Global benchmark Brent crude oil futures traded 80 cents or 0.9% higher at $87.80 a barrel by 0847 GMT, while U.S. West Texas Intermediate crude futures also gained 71 cents or 0.9% to $82.61 a barrel.
Data showed that overall business activity in the eurozone expanded at its fastest pace in nearly a year this month, led by a buoyant recovery in the bloc's dominant service industry.
Britain's blue-chip FTSE 100 index hit a record high on Tuesday.
Meanwhile, EU foreign ministers agreed in principle on Monday to expand sanctions on Iran following Tehran's missile and drone attack on Israel this month.
The U.S. Senate is set to begin considering a foreign aid package that includes sanctions on Iran's oil exports that target ships, ports, and refineries that process Iranian oil.
"The geopolitical backdrop is still very fraught with so many risks at the moment, so clearly we're going to see a lot of volatility until there's a lot more clarity around it," ANZ analysts said in a podcast.
Iran and Israel going beyond "gestural sovereign attacks ... risks the ire of a U.S. that right now has its own political reasons for letting Iranian oil get to water," said John Evans at oil broker PVM.

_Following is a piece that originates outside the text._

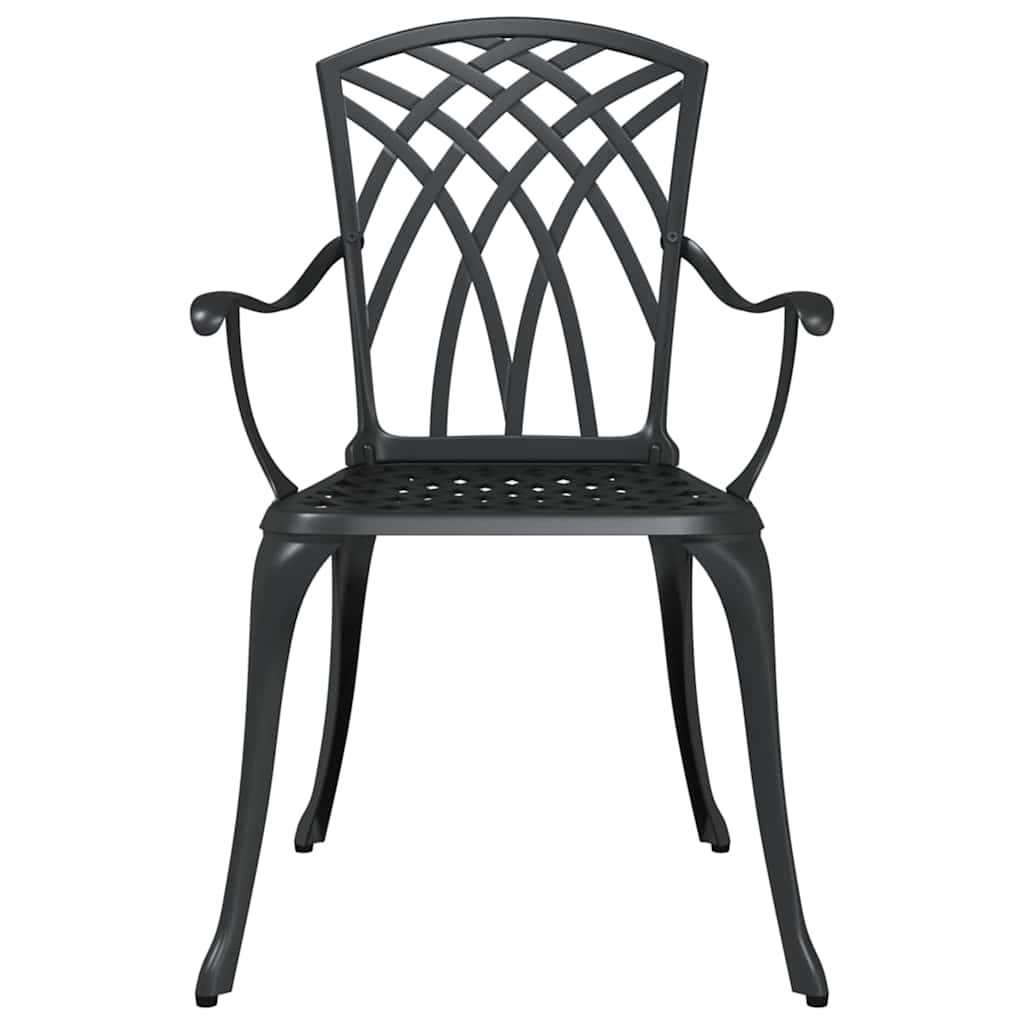 Garten Essgruppe 5 pcs Schwarz Aluminium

"Given an incident free week from Israel and Iran, oil watchers will have to look to the wider macro this week."
Investors are waiting for the release of the U.S. gross domestic product figures and the March personal consumption expenditure data - the Fed's preferred inflation gauge - later this week to assess the trajectory of monetary policy.
U.S. crude oil inventories are expected to have increased last week while refined product stockpiles likely fell, according to a preliminary Reuters poll of analysts.